Only lines that contain the string "Canvas" should be returned from the material below.

━━━━

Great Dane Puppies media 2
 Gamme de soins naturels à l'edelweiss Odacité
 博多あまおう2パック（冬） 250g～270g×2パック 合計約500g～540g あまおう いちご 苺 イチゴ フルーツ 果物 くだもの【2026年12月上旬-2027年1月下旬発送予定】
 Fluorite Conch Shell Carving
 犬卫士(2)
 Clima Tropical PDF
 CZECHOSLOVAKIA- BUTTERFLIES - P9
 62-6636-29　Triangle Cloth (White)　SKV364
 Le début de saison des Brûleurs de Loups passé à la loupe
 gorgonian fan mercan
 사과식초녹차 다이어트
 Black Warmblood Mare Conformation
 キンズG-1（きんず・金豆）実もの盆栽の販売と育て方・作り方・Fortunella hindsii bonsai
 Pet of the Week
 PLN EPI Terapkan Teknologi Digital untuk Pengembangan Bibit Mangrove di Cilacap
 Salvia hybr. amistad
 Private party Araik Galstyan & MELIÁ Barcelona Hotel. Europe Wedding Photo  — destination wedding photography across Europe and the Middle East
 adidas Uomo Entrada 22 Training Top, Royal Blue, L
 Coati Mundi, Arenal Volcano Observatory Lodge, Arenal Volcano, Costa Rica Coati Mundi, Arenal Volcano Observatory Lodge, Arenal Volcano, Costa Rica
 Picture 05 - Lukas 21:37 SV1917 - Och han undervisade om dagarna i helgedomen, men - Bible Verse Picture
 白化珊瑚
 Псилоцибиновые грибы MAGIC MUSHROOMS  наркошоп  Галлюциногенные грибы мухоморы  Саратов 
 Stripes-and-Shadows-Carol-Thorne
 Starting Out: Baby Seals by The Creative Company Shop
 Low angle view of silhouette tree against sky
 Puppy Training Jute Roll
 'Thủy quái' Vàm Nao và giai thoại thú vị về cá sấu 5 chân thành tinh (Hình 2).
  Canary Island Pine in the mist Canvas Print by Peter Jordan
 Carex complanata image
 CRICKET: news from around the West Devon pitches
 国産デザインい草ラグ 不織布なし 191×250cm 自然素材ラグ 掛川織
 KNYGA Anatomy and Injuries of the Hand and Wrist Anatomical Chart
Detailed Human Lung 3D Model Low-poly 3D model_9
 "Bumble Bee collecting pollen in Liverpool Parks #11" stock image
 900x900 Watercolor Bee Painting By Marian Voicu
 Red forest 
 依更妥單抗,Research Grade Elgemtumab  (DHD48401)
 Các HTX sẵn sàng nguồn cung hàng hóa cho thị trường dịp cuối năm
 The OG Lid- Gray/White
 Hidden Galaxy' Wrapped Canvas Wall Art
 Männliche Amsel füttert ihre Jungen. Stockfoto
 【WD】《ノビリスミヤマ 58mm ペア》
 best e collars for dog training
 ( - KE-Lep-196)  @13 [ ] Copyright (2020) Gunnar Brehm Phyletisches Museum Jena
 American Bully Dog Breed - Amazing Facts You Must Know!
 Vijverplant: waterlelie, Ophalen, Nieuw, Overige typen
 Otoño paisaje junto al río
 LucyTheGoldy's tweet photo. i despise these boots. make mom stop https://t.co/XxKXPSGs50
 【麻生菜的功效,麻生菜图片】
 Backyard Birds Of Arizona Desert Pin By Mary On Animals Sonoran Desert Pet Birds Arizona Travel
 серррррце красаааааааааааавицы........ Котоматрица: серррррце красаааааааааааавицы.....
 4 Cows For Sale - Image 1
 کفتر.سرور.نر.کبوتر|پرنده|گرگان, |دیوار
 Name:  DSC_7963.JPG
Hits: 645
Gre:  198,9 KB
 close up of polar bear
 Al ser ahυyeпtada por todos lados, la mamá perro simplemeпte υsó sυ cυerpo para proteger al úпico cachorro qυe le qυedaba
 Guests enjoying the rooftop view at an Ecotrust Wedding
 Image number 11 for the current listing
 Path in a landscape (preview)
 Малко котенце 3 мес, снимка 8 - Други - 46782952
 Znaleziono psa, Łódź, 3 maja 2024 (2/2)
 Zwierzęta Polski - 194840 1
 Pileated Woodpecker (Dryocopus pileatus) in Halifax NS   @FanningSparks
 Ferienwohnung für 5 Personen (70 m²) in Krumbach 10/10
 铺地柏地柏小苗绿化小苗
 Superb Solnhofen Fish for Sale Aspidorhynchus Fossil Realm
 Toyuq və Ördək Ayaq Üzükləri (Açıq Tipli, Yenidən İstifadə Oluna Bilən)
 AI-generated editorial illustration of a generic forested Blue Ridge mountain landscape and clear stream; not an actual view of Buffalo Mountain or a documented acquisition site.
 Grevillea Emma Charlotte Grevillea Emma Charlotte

━━━━

*Result of this exercise:*
  Canary Island Pine in the mist Canvas Print by Peter Jordan
 Hidden Galaxy' Wrapped Canvas Wall Art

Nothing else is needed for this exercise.